# MATERIALS PROVIDED
++++++++++

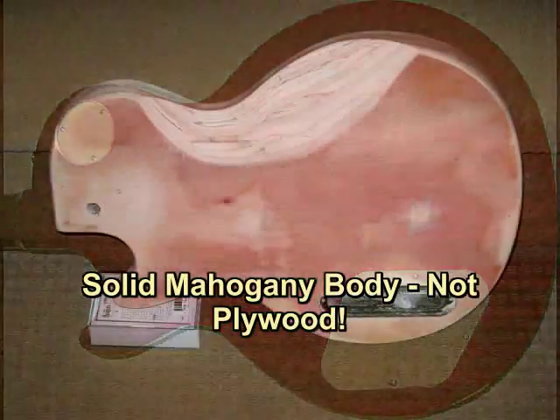In the first place, it's made in China, it's not made in Nashville, Tennessee, and even though it's a less expensive guitar, it is not cheap. It has a solid mahogany body, not plywood.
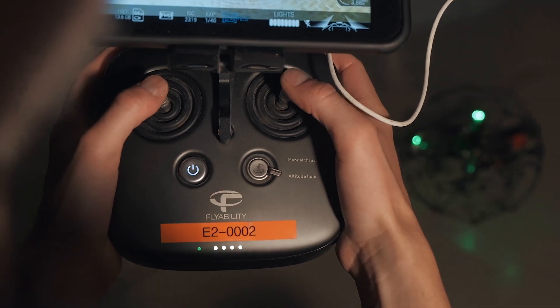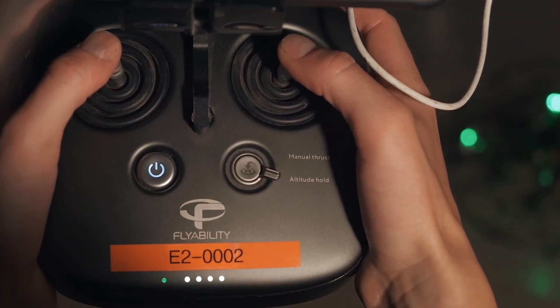Hello, I'm Greg from FlyAbility with a quick tip about manual thrust mode. Most pilots are apprehensive about using the manual thrust mode because of the associated risks. In this video we will show you when and how you can use this flight mode to your advantage.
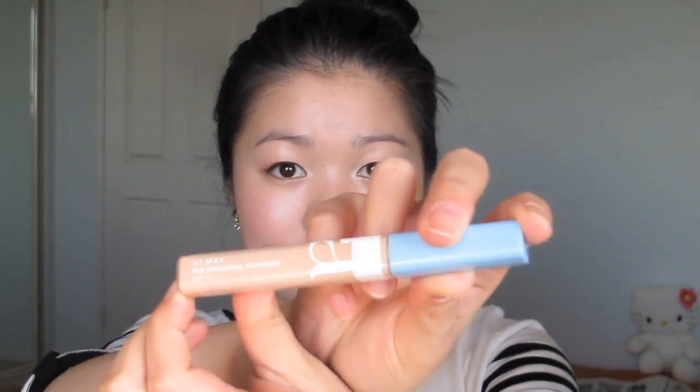Now this step is completely optional. I'm showing you guys how to achieve a gradient lip. Since my lips are very pigmented, I'm going to conceal them with a concealer. I'm working the intensity of the concealer from out to in for a transitional look.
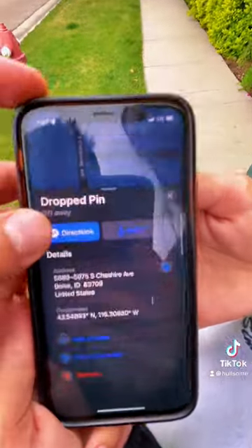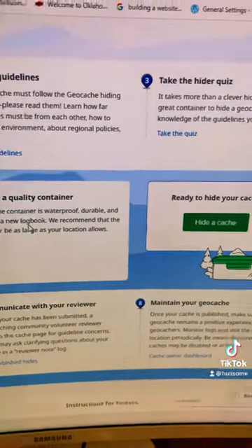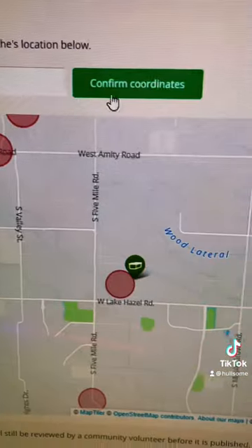Mark your exact coordinates where you hid the cache. Go to geocaching.com and under Play, select Hide a Geocache. Read the rules and select hide a cache again. Put in the coordinates and confirm them.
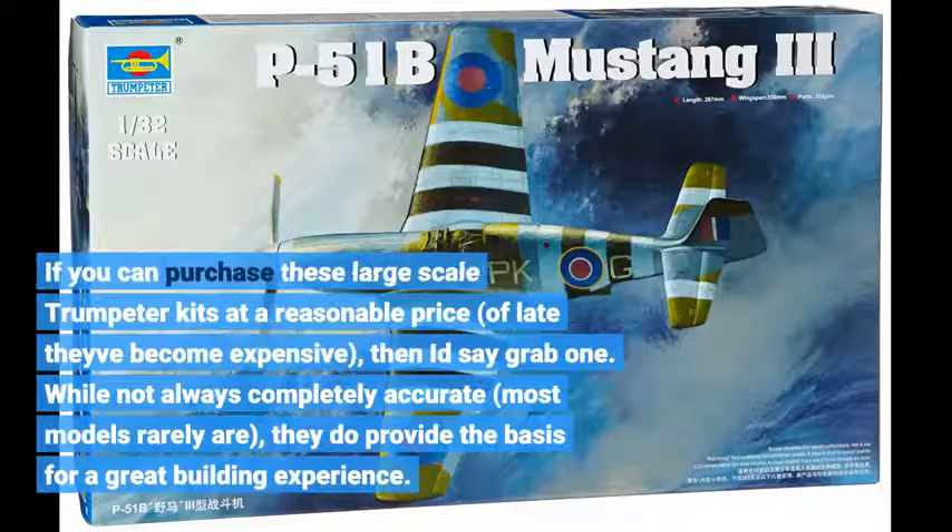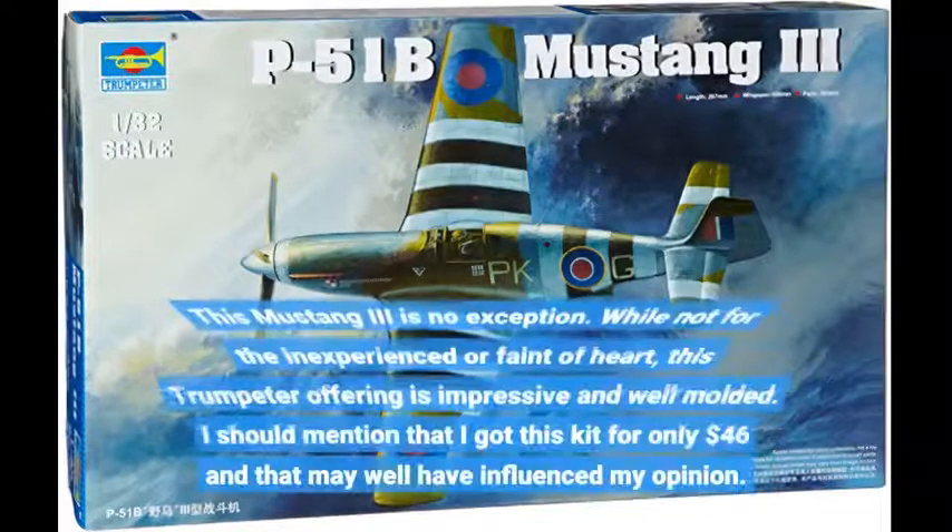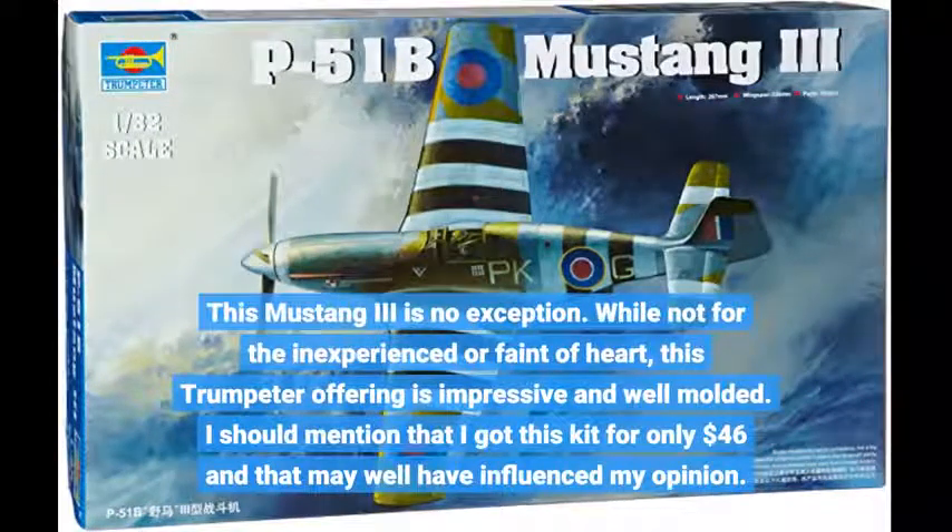If you can purchase these large-scale Trumpeter kits at a reasonable price — of late they've become expensive — then I'd say grab one. While not always completely accurate, most models rarely are, they do provide the basis for a great building experience. This Mustang III is no exception. While not for the inexperienced or faint of heart, this Trumpeter offering is impressive and well-molded.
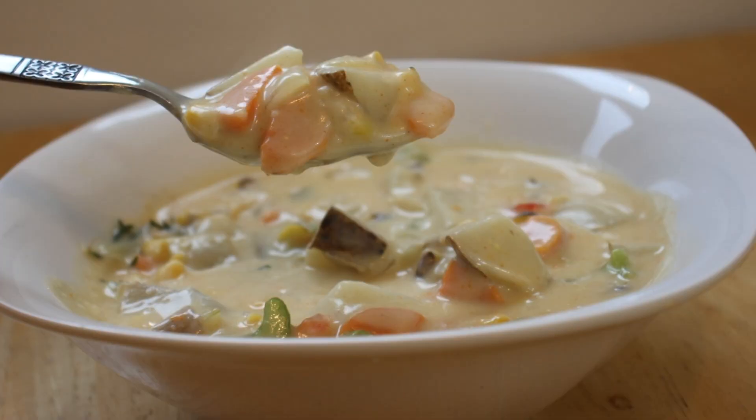Hey everybody and welcome back to It's Only Food with Chef John Politte. Today we are going to be showing you how to make corn chowder.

++++++++++

Could you repeat every record exactly as written, with the pictures left out?

In the first place, it's made in China, it's not made in Nashville, Tennessee, and even though it's a less expensive guitar, it is not cheap. It has a solid mahogany body, not plywood.
Hello, I'm Greg from FlyAbility with a quick tip about manual thrust mode. Most pilots are apprehensive about using the manual thrust mode because of the associated risks. In this video we will show you when and how you can use this flight mode to your advantage.
Now this step is completely optional. I'm showing you guys how to achieve a gradient lip. Since my lips are very pigmented, I'm going to conceal them with a concealer. I'm working the intensity of the concealer from out to in for a transitional look.
Mark your exact coordinates where you hid the cache. Go to geocaching.com and under Play, select Hide a Geocache. Read the rules and select hide a cache again. Put in the coordinates and confirm them.
If you can purchase these large-scale Trumpeter kits at a reasonable price — of late they've become expensive — then I'd say grab one. While not always completely accurate, most models rarely are, they do provide the basis for a great building experience. This Mustang III is no exception. While not for the inexperienced or faint of heart, this Trumpeter offering is impressive and well-molded.
Hey everybody and welcome back to It's Only Food with Chef John Politte. Today we are going to be showing you how to make corn chowder.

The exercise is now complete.